Nr. 27, 30. Oktober 2002
Ein Mann mit Erfahrung
gibt Auskunft
Wie Missbrauch stattfindet
In einem in der «Südostschweiz» abgedruckten Interview schildert Heinz Brand, Chef des Amtes für Polizeiwesen im Justiz- und Sanitätsdepartement des Kantons Graubünden, wie der Asylmissbrauch in der Schweiz Tag für Tag stattfindet.
Zur Tatsache der zunehmenden Zahl von Asylbewerbern aus Afrika, deren Infiltration in den Drogenhandel die Öffentlichkeit schwer beunruhigt, führt Heinz Brand aus:
Vertuschung der Identität
«Wir hatten in den letzten Jahren gesamtschweizerisch eigentlich eine
konstante Zahl von 2500 bis 6000 jährlichen Asylgesuchen aus dem afrikanischen
Kontinent. Zunehmende Probleme bereitet uns aber der Vollzug. Afrikaner mit
abgelehntem Asylgesuch können kaum mehr zurückgeschafft werden.

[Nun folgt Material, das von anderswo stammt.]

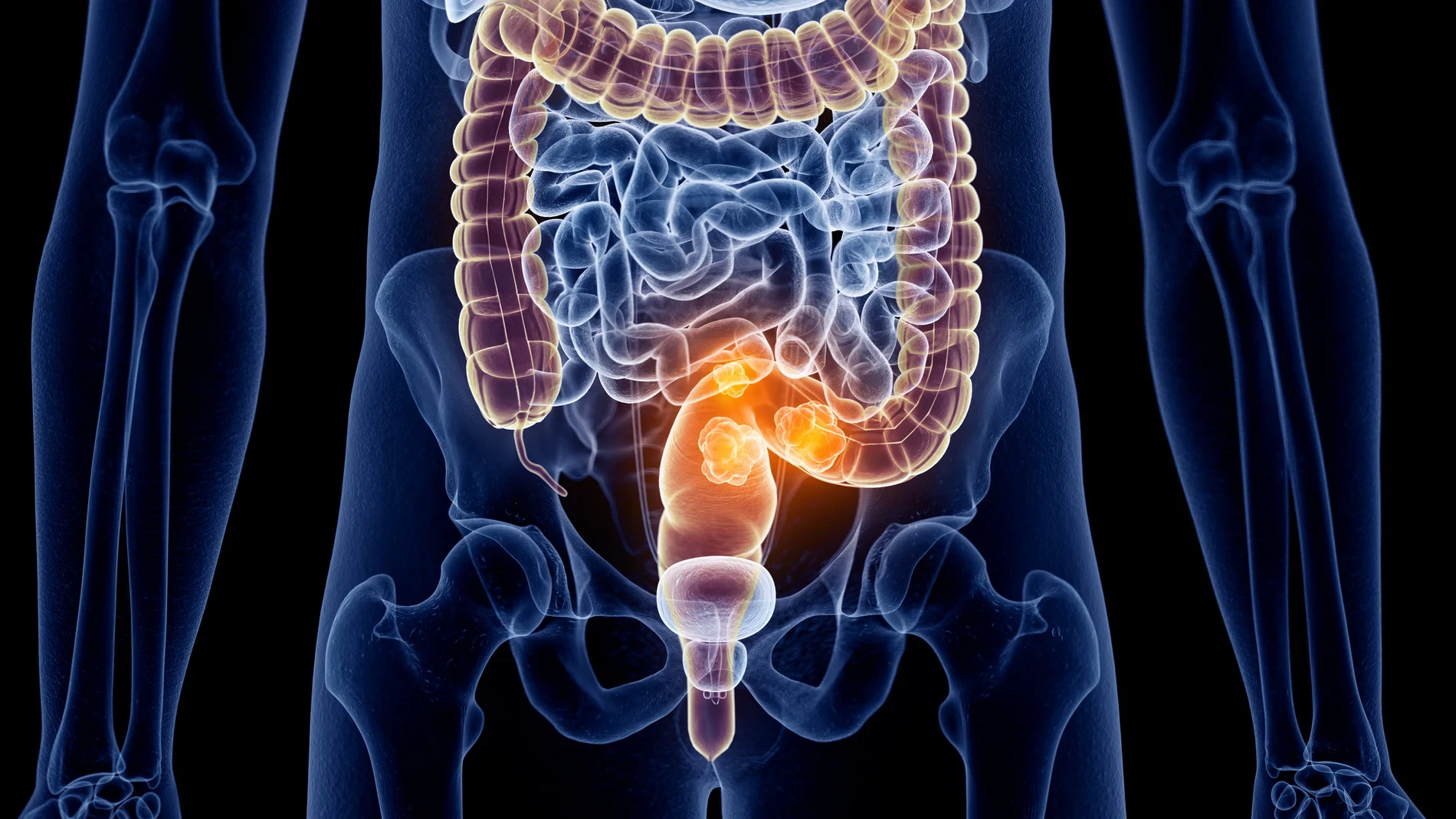 Claves para detectar cáncer colorrectal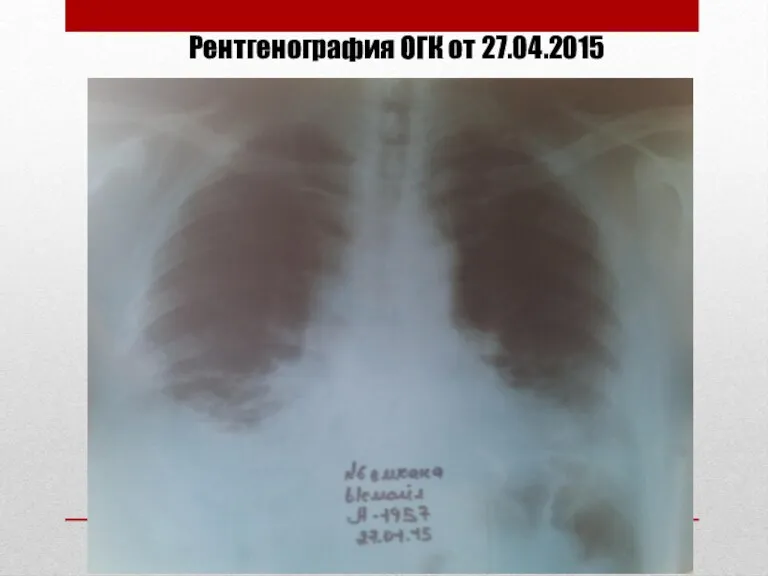 Рентгенография ОГК от 27.04.2015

Es gibt zwei Grundprobleme. Das eine ist die Feststellung der Identität. Viele Asylbewerber verheimlichen oder vertuschen diese, damit sie nicht in ihr Heimatland zurückgebracht werden können. Das zweite Problem ist die mangelnde Bereitschaft der Heimatstaaten, ihre Leute zurückzunehmen. Ein Beispiel: Anfang Woche brachten wir drei abgewiesene Asylbewerber aus Sierra Leone mit einem Sonderflug nach Freetown. Auf dem dortigen Flughafen erklärten zwei der drei plötzlich, sie stammten nicht aus Sierra Leone. Nur dank dem beherzten Eingreifen des schweizerischen Honorarkonsuls konnte diese Rückführung vor dem Scheitern bewahrt werden.»
Keine Flüchtlinge
Auf die Frage, aus welchen Gründen Afrikaner zunehmend in die Schweiz
drängen, antwortet Heinz Brand: «Vorab aus wirtschaftlichen Gründen.

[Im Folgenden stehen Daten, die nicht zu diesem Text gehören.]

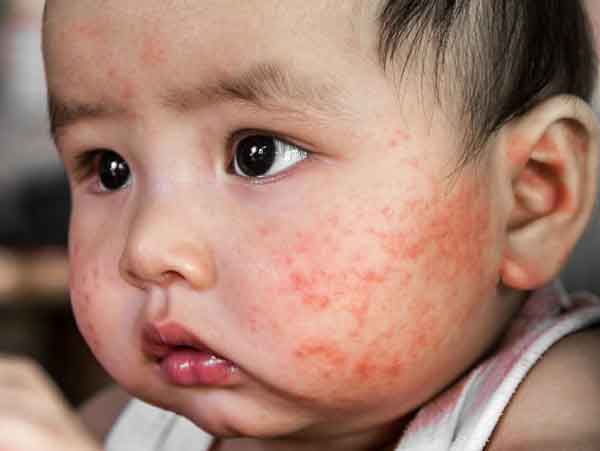 Sởi có thể gây ra các biến chứng nghiêm trọng như viêm phổi, viêm tai giữa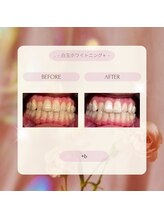 プラスビー 2号店(+b)/ホワイトニングビフォーアフター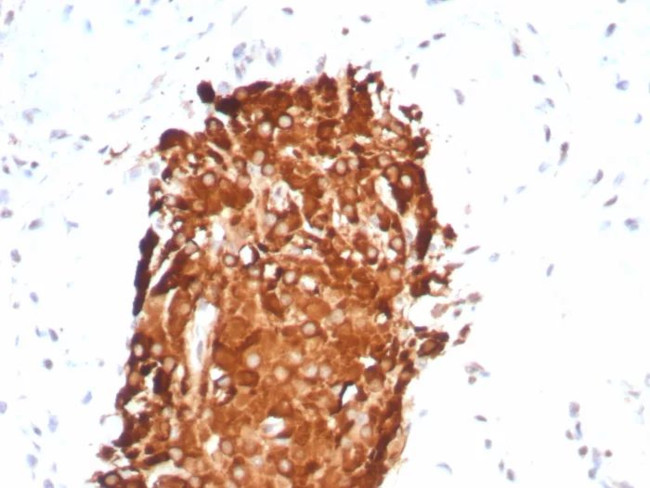 Inhibin, alpha (INHA) (Gonadal Cell Marker) Antibody in Immunohistochemistry (Paraffin) (IHC (P))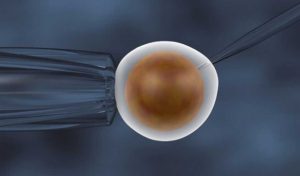 Sperm Hücrelerinin Mikroenjeksiyon Sırasında Yüksek Büyütme ile Seçilmesi (IMSI)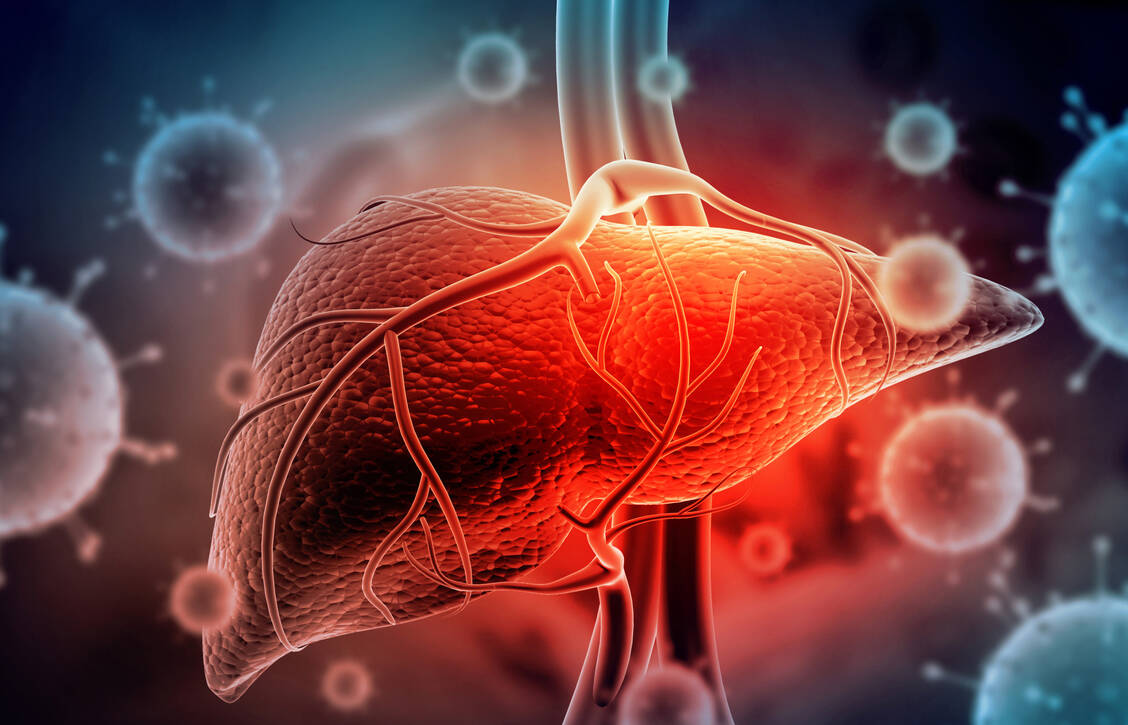 Folgen einer chronischen Hepatitis B können Leberzirrhose und Leberkrebs sein. / © Getty Images/Rasi Bhadramani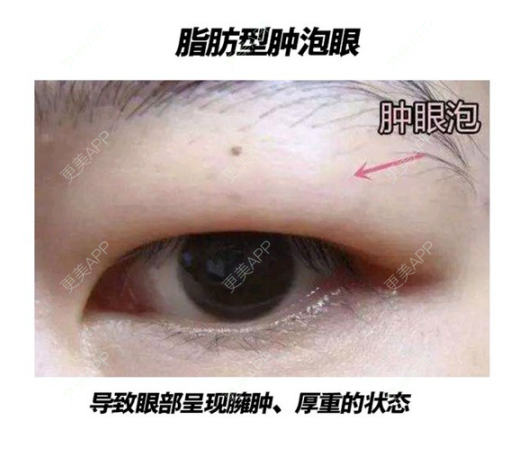 更美 - 康华清医疗美容门诊部的全切双眼皮经验 | 全切双眼皮
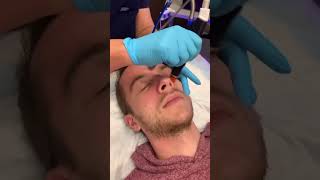 #aesthetician #beautytreatment #skincare #skincaretreatment #aesthetic #beauty #hydrafacial #botox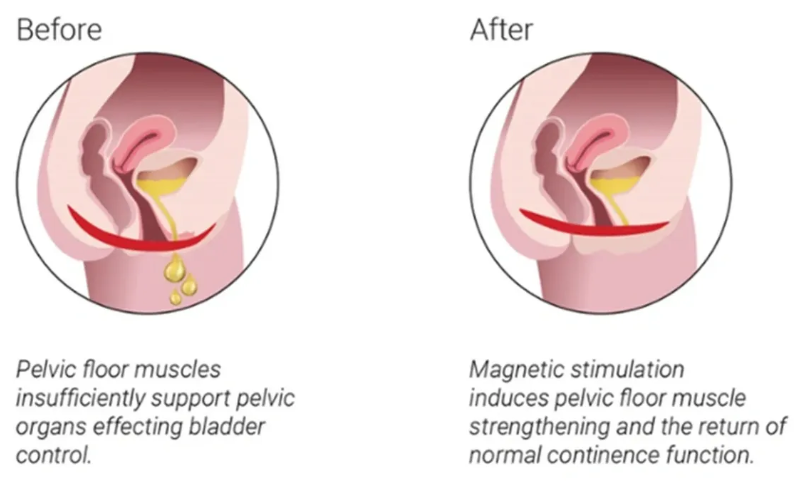 Intimawave Pelvic Treatment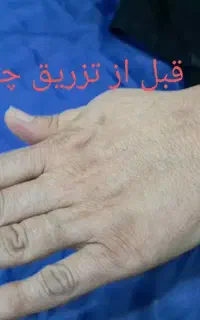ژل بوتاکس لیزر (تخفیف واقعی)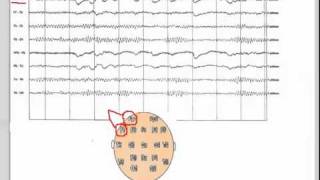 EEG  101 [upl. by Eillak385]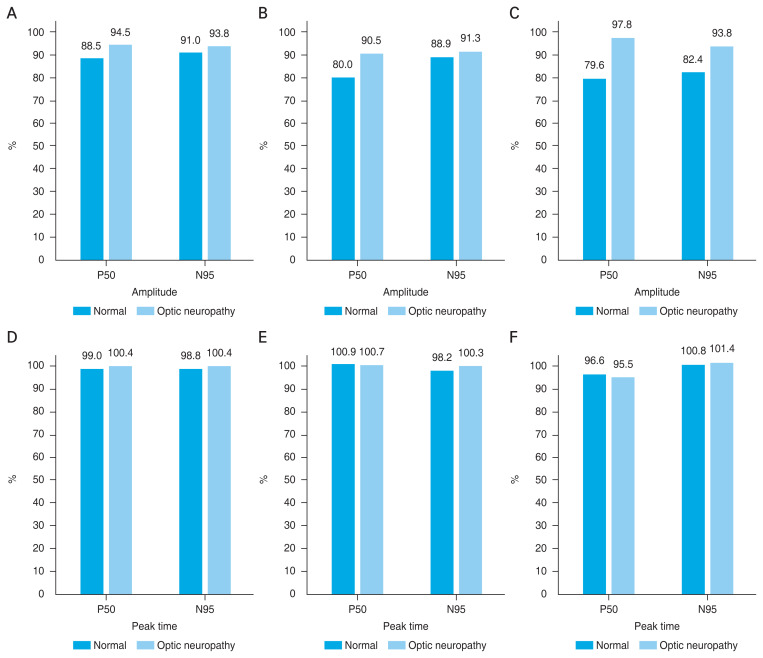 Effect of 50-Hz Filters on Pattern Electroretinogram.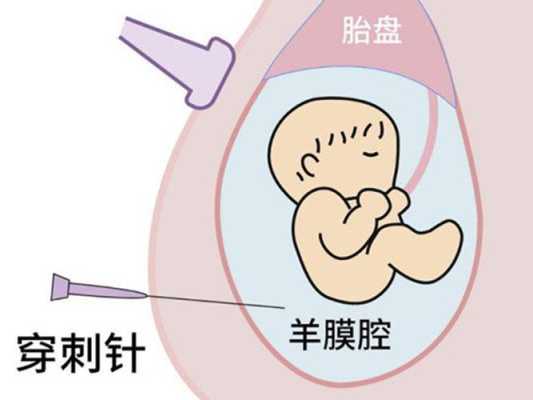 胎儿肠管回声稍增强(胎儿腹部肠管回声增强必须做羊穿吗) 第1张 胎儿肠管回声稍增强(胎儿腹部肠管回声增强必须做羊穿吗) 第1张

Die Leute haben in ihrer Heimat keine Zukunftsperspektive. Mir ist kein Fall
einer Person aus Westafrika in Graubünden bekannt, wo ein echter Asylgrund,
also eine politische Verfolgung oder eine Bedrohung von Leib und Leben, festgestellt
werden konnte.» Auf die Frage nach persönlich erfahrenen Missbrauchs-Tatbeständen
erzählt Heinz Brand folgende Begebenheit: «Wir fühlen uns
zusehends ohnmächtig und verschaukelt. Uns sind Postsendungen von Asylbewerbern
in die Hände gefallen, in denen sich eine Aufenthaltsbewilligung für
Frankreich, ein englischer Pass, ein Reisedokument für Deutschland und
Bankauszüge für Österreich befanden. Die betreffenden Leute
spielen bei uns aber die Verfolgten und führen uns mit ihren Angaben
über Name, Identität und Fluchtursachen in verwerflicher Weise in
die Irre. Wir sind heute mit unseren filigranen rechtsstaatlichen Mitteln
einem Problem gegenübergestellt, welches sich leider nur mit einer etwas
forscheren Gangart lösen lässt.»
Auszug aus einem (ebenso ausführlichen wie aufschlussreichen) Interview, geführt mit Heinz Brand von Andrea Masüger, abgedruckt in «Südostschweiz», 11. Oktober 2002.